January 2015 update:
In December 2014, Microsoft announced the Public Preview Availability release of Azure Premium Storage. See this post for details on Azure Premium Storage features. What does that mean in terms of using Azure for a Veeam Backup Repository, or for Veeam Cloud Connect?
- Maximum disk capacity per VM remains a bottleneck at 32 TB.
- Only D14 VM size at this time can have 32x 1TB Page Blob disks. It comes with 16 cores, 112 GB RAM, 127 GB SAS system disk, 800 GB SSD non-persistent temporary drive ‘d’ that delivers 768 MB/s read or 384 MB/s write throughput. Base price for this VM is $1,765/month
- If using 32 Standard (spinning SAS) disks, set as a 16-column single simple storage space for maximum space and performance, we get a 32 TB data disk that delivers 960 MB/s throughput or 8k IOPS (256 KB block size).

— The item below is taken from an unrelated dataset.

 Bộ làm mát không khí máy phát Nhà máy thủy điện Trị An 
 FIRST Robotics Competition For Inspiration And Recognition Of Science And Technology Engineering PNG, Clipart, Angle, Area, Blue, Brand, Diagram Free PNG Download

- 32x 1TB GRS Standard (HDD) Page Blobs cost $2,621/month
- 32x 1TB LRS Standard (HDD) Page Blobs cost $1,638/month
- If using 32 Premium (SSD) disks, set as a 16-column single simple storage space for maximum space and performance, we get a 32 TB data disk that delivers 3,200 MB/s throughput or 80k IOPS (256KB block size). Premium SSD storage is available as LRS only. The cost for 32x 1TB disks is 2,379/month
- If using a D14 size VM with Cloud Connect, setting up the Veeam Backup and Replication 8, WAN Accelerator, and CC Gateway on the same VM:
- 16 CPU cores provide plenty adequate processing for the WAN Accelerator which is by far the one component here that uses most CPU cycles. It’s also plenty good for SQL 2012 Express used by Veeam 8 on the same VM.
- 112 GB RAM is an overkill here in my opinion. 32 GB should be plenty.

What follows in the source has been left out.